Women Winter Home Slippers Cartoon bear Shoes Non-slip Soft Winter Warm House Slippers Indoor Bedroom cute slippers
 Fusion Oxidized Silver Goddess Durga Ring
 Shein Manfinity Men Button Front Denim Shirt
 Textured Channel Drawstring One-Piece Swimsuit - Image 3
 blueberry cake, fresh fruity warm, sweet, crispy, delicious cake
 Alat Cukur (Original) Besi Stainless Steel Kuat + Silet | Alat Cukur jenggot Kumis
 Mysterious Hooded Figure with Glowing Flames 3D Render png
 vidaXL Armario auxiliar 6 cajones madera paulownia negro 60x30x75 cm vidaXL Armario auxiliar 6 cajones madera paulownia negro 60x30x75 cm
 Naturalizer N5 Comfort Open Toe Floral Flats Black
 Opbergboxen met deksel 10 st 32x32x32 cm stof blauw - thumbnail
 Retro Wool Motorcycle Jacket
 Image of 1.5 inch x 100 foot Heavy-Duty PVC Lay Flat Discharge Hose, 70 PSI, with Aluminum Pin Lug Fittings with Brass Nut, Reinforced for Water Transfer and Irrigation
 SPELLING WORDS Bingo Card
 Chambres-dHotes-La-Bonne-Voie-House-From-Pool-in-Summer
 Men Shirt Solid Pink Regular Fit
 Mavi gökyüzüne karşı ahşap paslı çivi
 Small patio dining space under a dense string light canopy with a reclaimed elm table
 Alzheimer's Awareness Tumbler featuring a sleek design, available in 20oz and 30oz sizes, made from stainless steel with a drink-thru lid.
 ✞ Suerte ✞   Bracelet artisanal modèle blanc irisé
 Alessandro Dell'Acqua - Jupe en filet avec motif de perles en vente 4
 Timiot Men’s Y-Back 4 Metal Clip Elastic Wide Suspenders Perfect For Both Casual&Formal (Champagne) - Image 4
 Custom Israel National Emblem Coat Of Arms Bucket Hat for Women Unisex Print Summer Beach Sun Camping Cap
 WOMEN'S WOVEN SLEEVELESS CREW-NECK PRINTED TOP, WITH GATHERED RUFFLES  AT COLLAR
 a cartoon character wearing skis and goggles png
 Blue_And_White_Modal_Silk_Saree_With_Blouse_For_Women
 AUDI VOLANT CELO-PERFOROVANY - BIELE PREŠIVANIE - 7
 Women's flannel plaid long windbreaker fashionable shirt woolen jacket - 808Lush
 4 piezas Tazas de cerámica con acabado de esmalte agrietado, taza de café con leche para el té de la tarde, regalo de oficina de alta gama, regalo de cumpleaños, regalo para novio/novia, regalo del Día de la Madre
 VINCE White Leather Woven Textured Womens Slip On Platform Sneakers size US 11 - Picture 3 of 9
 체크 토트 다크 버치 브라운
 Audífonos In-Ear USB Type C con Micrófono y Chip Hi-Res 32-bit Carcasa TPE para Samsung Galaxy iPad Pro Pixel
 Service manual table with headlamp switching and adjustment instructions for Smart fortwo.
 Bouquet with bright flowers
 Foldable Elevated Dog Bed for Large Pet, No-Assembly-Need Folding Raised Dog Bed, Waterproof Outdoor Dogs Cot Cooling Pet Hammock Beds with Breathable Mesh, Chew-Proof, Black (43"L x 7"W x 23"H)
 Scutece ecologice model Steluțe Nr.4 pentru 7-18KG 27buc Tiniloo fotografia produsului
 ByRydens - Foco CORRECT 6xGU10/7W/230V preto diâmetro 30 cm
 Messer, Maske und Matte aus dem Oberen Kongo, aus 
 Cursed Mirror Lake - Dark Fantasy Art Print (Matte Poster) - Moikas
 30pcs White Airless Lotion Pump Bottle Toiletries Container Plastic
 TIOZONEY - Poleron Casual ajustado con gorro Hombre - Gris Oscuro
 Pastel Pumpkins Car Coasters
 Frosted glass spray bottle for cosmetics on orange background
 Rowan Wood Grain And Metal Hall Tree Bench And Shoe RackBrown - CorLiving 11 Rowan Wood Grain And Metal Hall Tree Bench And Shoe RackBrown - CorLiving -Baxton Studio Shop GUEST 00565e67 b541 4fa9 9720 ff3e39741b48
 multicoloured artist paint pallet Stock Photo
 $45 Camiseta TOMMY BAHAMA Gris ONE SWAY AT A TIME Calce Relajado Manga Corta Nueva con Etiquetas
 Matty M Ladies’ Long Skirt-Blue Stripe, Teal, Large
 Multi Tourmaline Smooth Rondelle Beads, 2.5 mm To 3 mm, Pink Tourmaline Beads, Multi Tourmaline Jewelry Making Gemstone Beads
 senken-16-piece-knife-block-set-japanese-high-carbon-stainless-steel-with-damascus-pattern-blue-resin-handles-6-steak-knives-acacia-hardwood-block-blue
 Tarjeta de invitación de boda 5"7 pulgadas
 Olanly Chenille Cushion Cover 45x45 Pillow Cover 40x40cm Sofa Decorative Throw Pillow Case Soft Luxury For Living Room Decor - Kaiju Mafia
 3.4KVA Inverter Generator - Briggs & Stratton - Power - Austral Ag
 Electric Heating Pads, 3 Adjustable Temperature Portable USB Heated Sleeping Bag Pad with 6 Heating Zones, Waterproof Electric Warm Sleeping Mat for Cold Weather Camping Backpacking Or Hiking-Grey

....

• _AIM OF THE EXERCISE_
From the material above, give the number of lines that contain the string "Gris", without any added remark.

• _TASK RESPONSE_
2